De qualquer forma, por força da Constituição, o acordo deverá ser ratificado pelo Congresso brasileiro. Ou seja, ele só entrará em vigência no Brasil quando for aprovado pela Câmara e pelo Senado.
Acordo vai ao encontro do liberalismo de Guedes
O embaixador aposentador José Alfredo Graça Lima, vice-presidente do Centro Brasileiro de Relações Internacionais (Cebri), afirma que a adesão é uma mudança qualitativa da política comercial brasileira, indo no sentido da liberalização da economia, prometida pelo próprio ministro Paulo Guedes.
A adesão também deve facilitar o processo do Brasil para se tornar um país-membro da Organização para a Cooperação e Desenvolvimento Econômico (OCDE).
“[A adesão] é um sinal bastante robusto para os investidores de que o Brasil está realmente no caminho da liberalização [econômica]”, afirmou à Gazeta do Povo. “É mais um passo na direção de você se integrar melhor [ao mundo comercialmente]. Você dá acesso ao mercado [interno] aos nossos parceiros, que passam a concorrer com as empresas nacionais em suprimentos e serviços”, completou.
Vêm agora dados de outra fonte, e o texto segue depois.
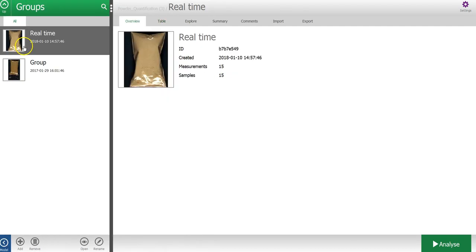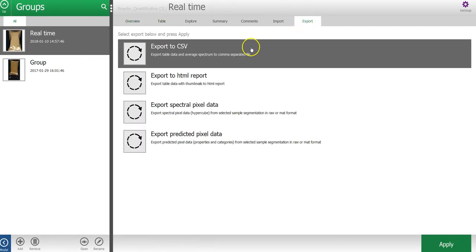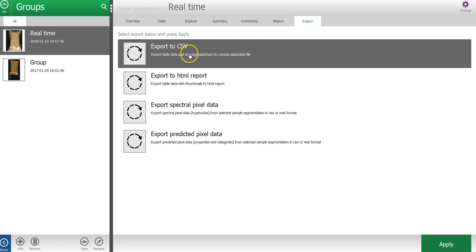In the group level, under the export tab, I can select to export the results from the table to a CSV spreadsheet or to an HTML report.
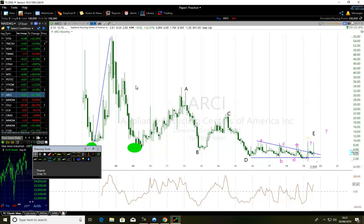Subscribe to our channel today and be sure to click on the notification bell so that any time we record a new video, you will be the first person to be notified. This is about mastering ABCDE corrective wave.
O embaixador Graça Lima também diz que a decisão mostra que o Brasil caminha na direção de abandonar práticas protecionistas, principalmente aquelas discriminatórias e que são condenadas pela OMC.
“O discurso que você tinha em governos anteriores, que tinham uma preocupação maior com mercado interno e em dar vantagens para empresas nacionais, era que compras governamentais eram uma forma de fazer política industrial. Era um tipo de filosofia bem diferente da atual. O governo atual não contempla políticas industriais que se referem à proteção, subsídios, favorecimento, discriminação, tudo que é meio que violatório aos melhores compromissos internacionais”, completou.